There is a bi-directional graph with n vertices, where each vertex is labeled from 0 to n - 1 (inclusive). The edges in the graph are represented as a 2D integer array edges, where each edges[i] = [ui, vi] denotes a bi-directional edge between vertex ui and vertex vi. Every vertex pair is connected by at most one edge, and no vertex has an edge to itself.

You want to determine if there is a valid path that exists from vertex source to vertex destination.

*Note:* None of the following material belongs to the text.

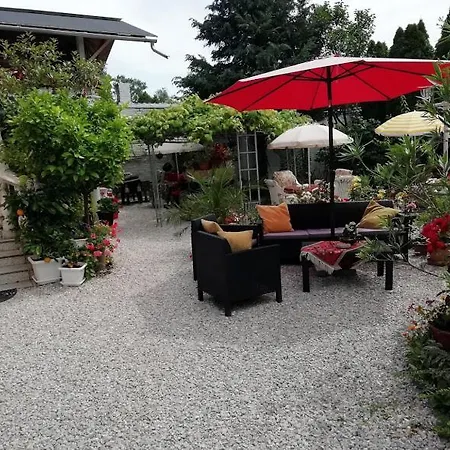 Ilona Kis Kastely Panzio 3* Keszthely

Given edges and the integers n, source, and destination, return true if there is a valid path from source to destination, or false otherwise.

DFS

• Basic DFS with stack

Code

class Solution {

public:
    bool validPath(int n, vector<vector<int>>& edges, int source, int destination)
    {
        vector<vector<int>> adj_list(n);
        for (auto& edge : edges) {
            adj_list[edge[0]].push_back(edge[1]);
            adj_list[edge[1]].push_back(edge[0]);
        }

        stack<int> st;
        st.push(source);

        vector<bool> visited(n, false);

        while (!st.empty()) {
            int curr = st.top();
            st.pop();

            if (curr == destination) {
                return true;
            }

            for (auto& next : adj_list[curr]) {
                if (!visited[next]) {
                    visited[next] = true;
                    st.push(next);
                }
            }
        }
        return false;
    }
};

UnionFind

• If path exist between 2 nodes then they are in same component.
• We can use UnionFind to know if source and destination are in same component.

Code

class UnionFind {
private:
    int* parent;
    int* nodeRank;
    int n;
    int connectedCount;

public:
    // TC: O(N)
    UnionFind(int sz)
    {
        this->n = sz;
        this->connectedCount = sz;
        parent = new int[n + 1];
        nodeRank = new int[n + 1];
        for (int i = 0; i <= n; i++) {
            parent[i] = i;
            nodeRank[i] = 0;
        }
    }

    // TC: O(1) amortized
    int findParent(int node)
    {
        if (node == parent[node])
            return node;
        return parent[node] = findParent(parent[node]); // path compression
    }

    // TC: O(1) amortized
    void unionSet(int u, int v)
    {
        u = findParent(u);
        v = findParent(v);

        // union by rank
        if (u != v) {
            if (nodeRank[u] < nodeRank[v])
                parent[u] = v;
            else if (nodeRank[u] > nodeRank[v])
                parent[v] = u;
            else {
                parent[v] = u; // join to anyone
                nodeRank[u]++; // increase rank(level)
            }
            connectedCount--;
        }
    }

    // TC: O(1) amortized
    bool connected(int u, int v)
    {
        return findParent(u) == findParent(v);
    }

    // TC: O(1)
    int getConnectedCount()
    {
        return connectedCount;
    }
};

class Solution {
public:
    bool validPath(int n, vector<vector<int>>& edges, int source, int destination)
    {
        UnionFind uf(n);
        for (auto& edge : edges) {
            uf.unionSet(edge[0], edge[1]);
        }
        return uf.connected(source, destination);
    }
};